I don't see how mothering and dating is any more of a conflict of interest than a mother who likes to go skiing with her friends, go scrapbooking or pursuing any other hobby or interest. You're essentially saying a mother who dates is neglecting her child. That seems strange to me. One night a week with grandparents while the mother goes on a date isn't going to harm the child.

Let's not forget it takes two to make a marriage work. What if a woman was a saint and her husband ended up cheating on her or committing some stupid (or heinous) crime and went to prison? She should stay in the marriage? She shouldn't divorce and move on with her life, and perhaps try to find a good man that will value her (and her child)?

That was a bizarre post to me.


----------



## drealm (Jul 7, 2009)

CarlitoBrigante said:


> So if someone has a kid at the age of 30, then divorces or splits from their other half at 35... they shouldn't meet other people and date, even if they're bored and lonely, because its detrimental to the kid? Maybe I'm just guessing here, but I'd like to think there have been several thousand happy families with step parents .... surely dating isn't any more detrimental to the child than having a parent who's lonely and withholding their desire to date because of some absurd belief that it would be detrimental to their child?
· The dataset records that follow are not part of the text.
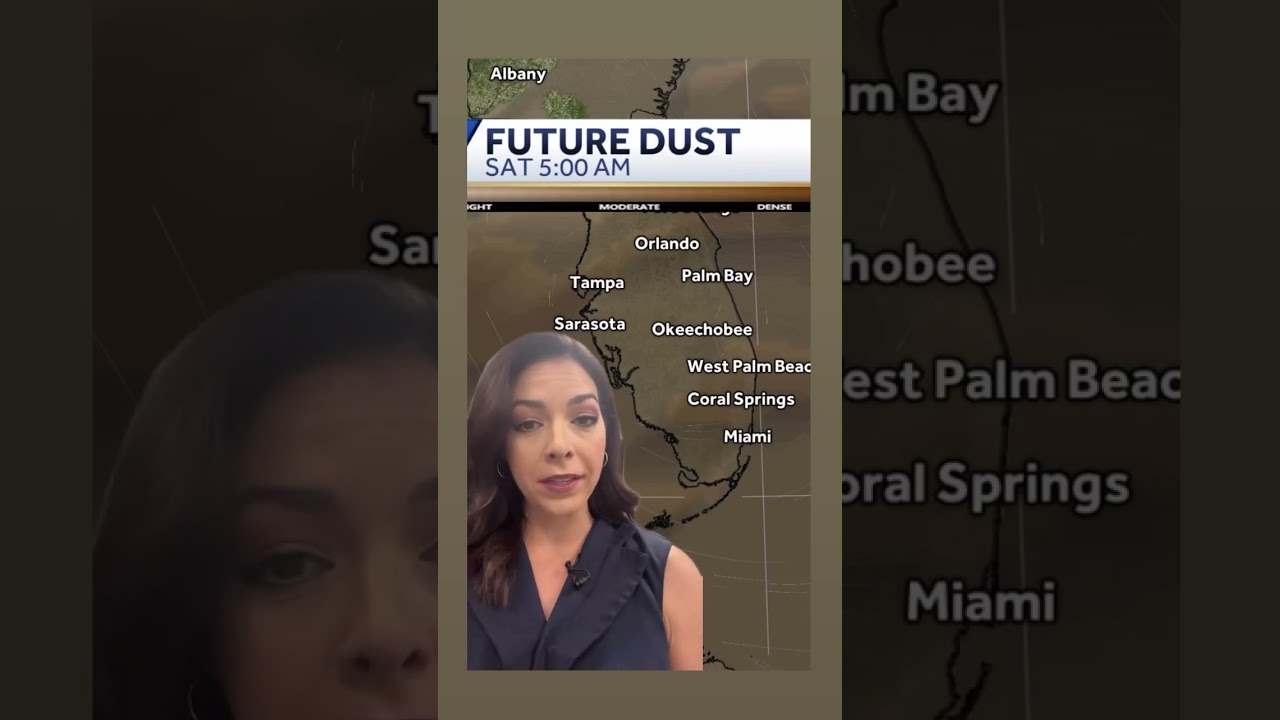 Saharan dust lingering this weekend across South Florida. Vanessa Vinent has your forecast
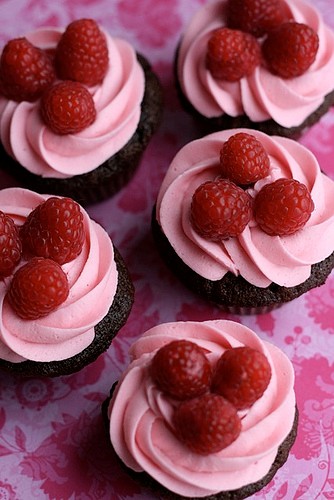 Chocolate raspberry truffle cupcakes recipe | Eat Your Books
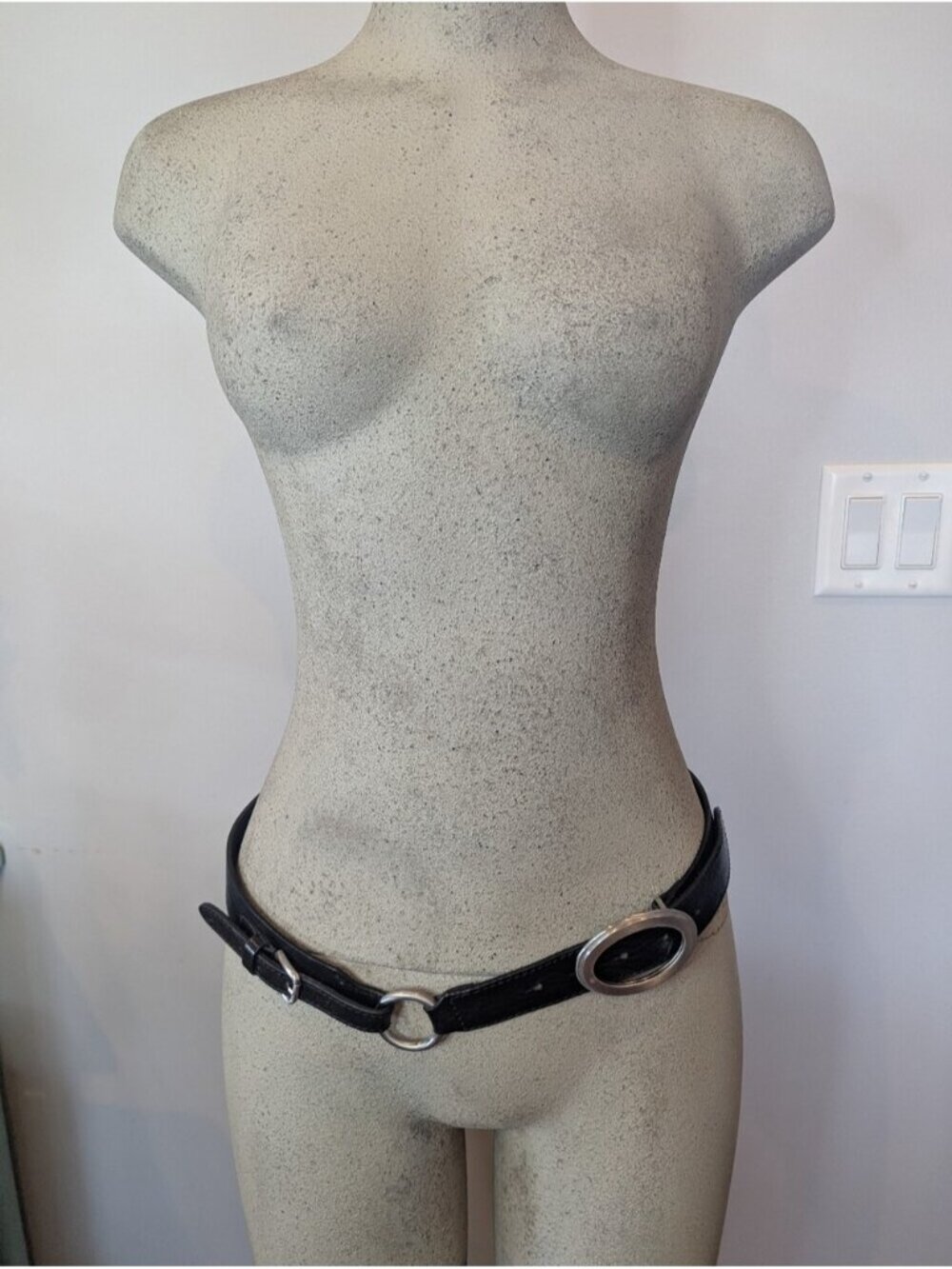 Y2K Vintage Jacob Leather Hip Belt Convertible Waist Belt, Made In Canada Size S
People can do whatever they want, I don't care.

There's many "bored and lonely" things. If "fun" and "convenience" were the end all, families wouldn't exist. I wouldn't be surprised if due to being "bored and lonely", these same children put their parents in state run nursing homes when the tables are turned.

Yes I do think dating is detrimental to children. But if I wanted to launch a definitive inquiry on the subject, I'd ask the children, not the parents. Children have everything to lose, parents have everything to gain. It's dishonest to rely on opinions from parties whom stand to prosper.

But I won't sit here and prove dating is bad, that's irrelevant.



CarlitoBrigante said:


> Sorry man, I'm going to have to agree that this sounds judgmental. "Marriage material" is another broad term that really isn't fair to paint onto a single parent or divorced woman (or man). Maybe two people made a mistake of entering marriage when they didn't truly know each other. It doesn't make them bad people or "not marriage material", it means they made a mistake. Sure, I'm sure there are people who would NOT make good husbands or wives regardless, but being a single parent is hardly indicative of that.


I outright refuse to be anyone's judge. Nor will I be anyone's confessor. I do not care about anyone's lifestyle decision. I reject your offer to judge people, it's not my responsibility and I will never take on such a burden. If people want a judge or confessor they can seek out a church or their own parents council, but not me.

Marriage material isn't a fair term? What do you call someone who doesn't succeed at marriage then? A runner up? Second place? Bronze medal? Might as well double speak "marriage" out of human language all together. I never said single parents were bad, just that divorce's and divorcee's aren't marriage material.



CarlitoBrigante said:


> I don't see how mothering and dating is any more of a conflict of interest than a mother who likes to go skiing with her friends, go scrapbooking or pursuing any other hobby or interest. You're essentially saying a mother who dates is neglecting her child. That seems strange to me. One night a week with grandparents while the mother goes on a date isn't going to harm the child.


I agree other extra curricular activities can be just as bad. Dating differs because it's an intimate relationship. Just as friends are different from mates, dating is different from socializing. If platonic socializing was the same, no one would date. Yes I do think dating is child neglect, whether it's intentional or not is a different question.



CarlitoBrigante said:


> Let's not forget it takes two to make a marriage work. What if a woman was a saint and her husband ended up cheating on her or committing some stupid (or heinous) crime and went to prison? She should stay in the marriage? She shouldn't divorce and move on with her life, and perhaps try to find a good man that will value her (and her child)?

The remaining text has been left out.